Alhasil, Hearing yang telah berlangsung hingga menjelang Maghrib itu akhirnya ditunda pada Kamis (27/6/2024) mendatang, sampai adanya kesepakatan yang dapat memenuhi kebutuhan bersama tanpa mengorbankan kepentingan masyarakat Kota Batu secara umum.
Pasalnya, Asosiasi BPD dan APEL Kota Batu bersikeras dengan meminta kepastian hukum dari Pemerintah Kota Batu, terkait rencana kenaikan Pajak Bumi dan Bangunan (PBB).
Meskipun terdapat desakan dari berbagai pihak, namun BPD dan APEL tetap pada pendiriannya, bahwa kenaikan PBB seharusnya tidak melebihi dari 100 persen.
Wakil Ketua APEL Kota Batu, Andi Faisal Hasan, menyampaikan, bahwa pihaknya setuju kenaikan PBB tersebut, namun harus ada batasan.
“Teman-teman dari BPD dan APEL setuju, kenaikan PBB perlu dilakukan, namun peningkatannya harus dibatasi maksimal 100 persen. Jika melampaui angka tersebut, itu jelas akan memberatkan masyarakat,” kata Andi Faisal Hasan.
Menurut Kepala Desa (Kades) Junrejo ini, permasalahan utamanya terletak pada rumusan-rumusan yang menunjukkan kenaikan yang dianggap tidak wajar.
“Ya, maka dari itu kami menekankan perlunya pengkajian ulang terhadap Surat Pemberitahuan Pajak Terhutang (SPPT) PBB serta RAPBD yang harus direvisi. Revisi ini dianggap perlu melibatkan secara langsung Asosiasi BPD dan APEL, mengingat dampak dari kenaikan PBB tidak hanya berdampak pada sejumlah individu saja, tetapi juga pada keseluruh masyarakat Kota Batu,” tegas Andi Faisal Hasan
Sementara itu Ketua Komisi C DPRD Kota Batu, H. Khamim Tohari, S.Sos mengungkapkan, bahwa Asosiasi Petinggi dan Lurah (APEL) Kota Batu telah mengajukan keberatan terhadap kenaikan pajak PBB.
“Melalui APEL, para kades mengajukan keberatan soal kenaikan PBB, maka dari itu kita hari ini jajak pendapat dmrlalui Hearing kali ini,” ujar Khamim.
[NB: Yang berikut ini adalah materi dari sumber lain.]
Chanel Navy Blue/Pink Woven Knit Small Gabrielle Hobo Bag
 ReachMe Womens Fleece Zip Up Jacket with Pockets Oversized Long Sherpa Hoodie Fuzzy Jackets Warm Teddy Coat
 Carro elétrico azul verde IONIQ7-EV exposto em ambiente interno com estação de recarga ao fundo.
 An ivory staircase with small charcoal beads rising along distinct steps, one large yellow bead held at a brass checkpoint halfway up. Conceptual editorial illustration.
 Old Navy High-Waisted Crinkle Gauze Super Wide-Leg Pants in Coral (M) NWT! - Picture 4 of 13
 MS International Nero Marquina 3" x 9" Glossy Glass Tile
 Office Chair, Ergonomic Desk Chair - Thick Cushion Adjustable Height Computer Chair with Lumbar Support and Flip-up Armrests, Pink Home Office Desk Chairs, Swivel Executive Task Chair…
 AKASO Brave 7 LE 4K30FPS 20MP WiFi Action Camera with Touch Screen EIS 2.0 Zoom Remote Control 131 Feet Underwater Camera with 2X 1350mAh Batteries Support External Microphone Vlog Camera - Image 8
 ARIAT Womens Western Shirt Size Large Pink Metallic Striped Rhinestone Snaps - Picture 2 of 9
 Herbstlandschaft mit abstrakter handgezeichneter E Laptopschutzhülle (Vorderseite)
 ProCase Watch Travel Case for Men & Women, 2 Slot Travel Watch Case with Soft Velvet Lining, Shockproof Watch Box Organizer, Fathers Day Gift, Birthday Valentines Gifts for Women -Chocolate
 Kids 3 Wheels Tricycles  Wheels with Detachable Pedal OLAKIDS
Menurut mantan wartawan senior Malang Raya ini, DPRD Kota Batu memiliki keterbatasan dalam mengambil keputusan terkait kenaikan PBB.
“Ya, karena hal tersebut telah diatur dalam Peraturan Daerah (Perda). Namun, sebagai langkah responsif, DPRD memiliki inisiatif untuk melakukan perubahan terhadap Perda yang berlaku,” paparnya.
Politisi dari PDI Perjuangan ini juga menyatakan, bahwa pihaknya bersama dengan Pemerintah Kota Batu akan duduk bersama untuk mendengarkan keluhan dari masyarakat terkait dengan kenaikan PBB, yang dimaksud.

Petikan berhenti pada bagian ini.